授業を構成するという点で重要なのは発問です。前回紹介した授業を見ていただければお分かりになると思いますが、授業の導入から前半では、まず大きく発問するようにしています。「具体的な小さい発問でないと子供が答えられない」と考える人もいますが、小さく問うことで答えやすくなる反面、子供の発言が限定されてしまいます。ですから、まずは大きく問うことで、「こんなところがおもしろいね」「これって、どういうことだろう?」と、子供が多様な視点から自由に意見を出せるようにしているのです。
その上で、ポイントとなる部分、その授業で読みを深めたい部分について、子供が思わず「えっ?」「どういうこと?」とつぶやくような、深める発問を投げかけていきます。
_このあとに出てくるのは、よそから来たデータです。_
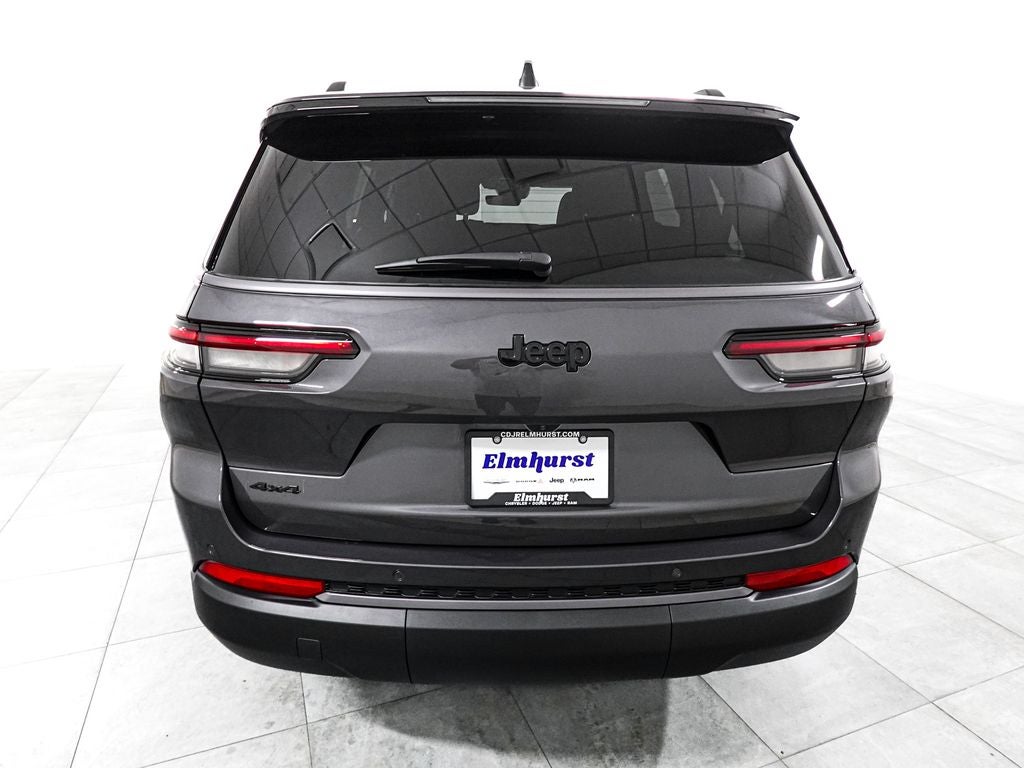 2026 Jeep Grand Cherokee L Laredo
そこから、さらにていねいに教材文の表現を読み取りながら追究や対話を進め、より深く読むことによって言葉の力を育むようにしています。
しかし国語の授業が得意ではない先生は、「ちゃんと教えなきゃいけない」と思うあまり、正解を求めるような発問をしたり、一問一答的な発問をしてしまったりしています。それでは、子供たちにとって国語はおもしろくない教科になってしまうでしょう。昨年度、私が担任していたクラスでは、子供たちが教材を読んでいて、「これ疑問なんやけど…」「これってこういう意味やない?」という生き生きとした声が多く聞かれました。教材文を読みながら、自ら問いを発見したり、問いに対する新しい発見をしたりしていたわけです。追究する授業が大切だと言われますが、そのためには何よりも子供自身が追究したくなるような発問の工夫が必要だと思います。
もちろん、そのような発問を考えたり、授業を構成したりする前提としては、まずその授業(や単元)を通して、どんな力を育みたいのか、教材研究を通して明確にしておくことが必要です。それから、どのような発問をすれば、子供たちが考え、対話し、思考が深まってめざす力が育まれるのか、しっかり吟味していきます。